The Columbia River Bar Pilots is a maritime pilotage company based in Astoria, Oregon, United States. The company helps vessels navigate the Columbia Bar, a treacherous area for marine traffic at the mouth of the Columbia River between Oregon and Washington.

== History ==
The Columbia River Bar Pilots traces its origins to 1846, when the Oregon Provisional Legislature passed a bill to create what would become the Oregon Board of Pilot Commissioners. The board soon licensed four pilots, notably George Flavel, who established a virtual monopoly with his associates over piloting on the Columbia Bar and amassed a personal fortune.

== Operations ==
The Columbia Bar, sometimes referred to as the "Graveyard of the Pacific", is located at the mouth of the Columbia River as it flows into the Pacific Ocean.
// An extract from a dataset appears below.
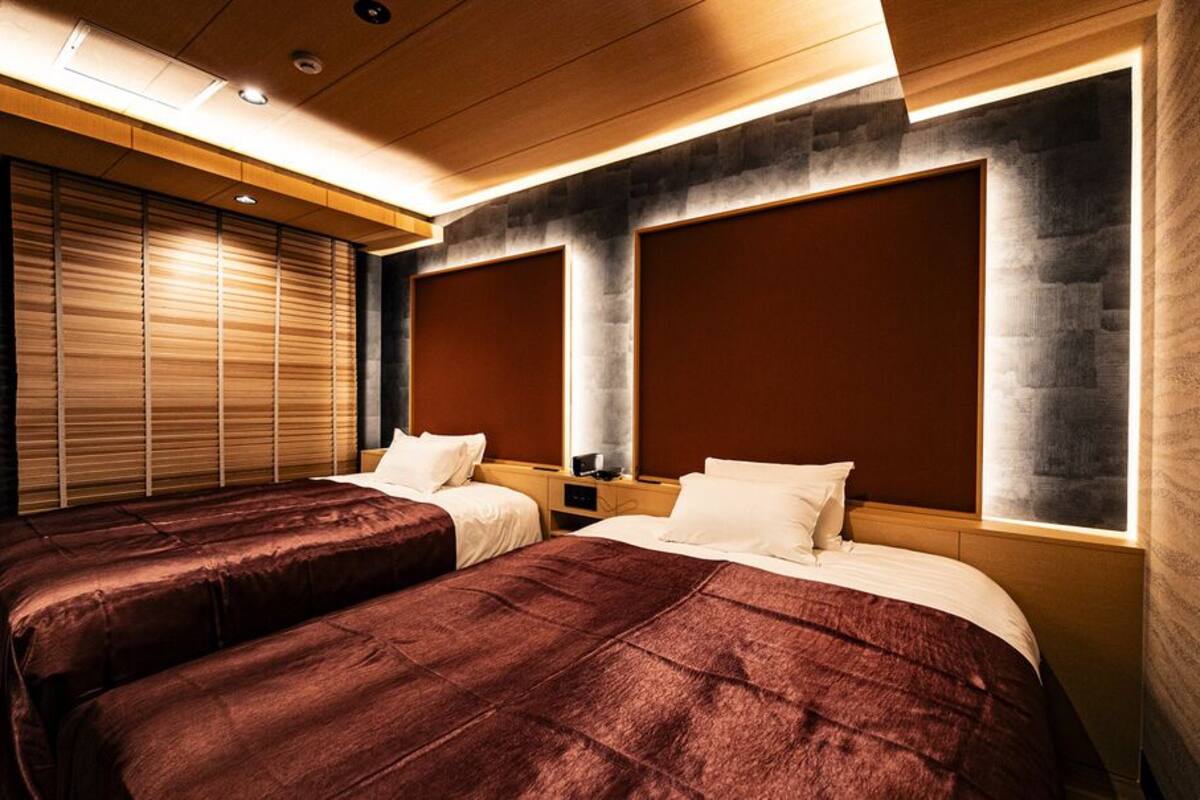 Habitación de hotel con dos camas, un ventanal grande con persianas y un diseño moderno que incorpora elementos de madera y piedra.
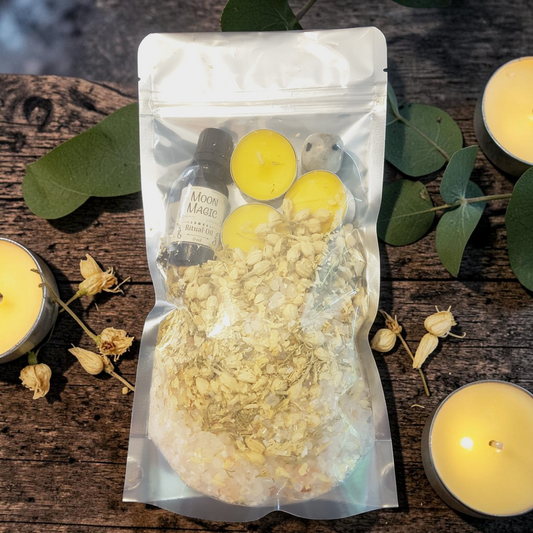 Moon Magic Bath Ritual Kit with bath salts, jasmine, ritual oil, tealight candles and moonstone crystal on a wooden surface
The site sees a high volume of commercial shipping, and all vessels engaged in foreign trade are required to have a Columbia River Bar Pilot on board to navigate the area. The company assists approximately 3,600 vessels per year as of 2025.

The Columbia River Bar Pilots is regulated by the Oregon Board of Maritime Pilots. The company only operates at the Columbia Bar near Astoria; once past the bar, vessels fall within the purview of the Columbia River Pilots, an association of maritime pilots based in Portland, Oregon.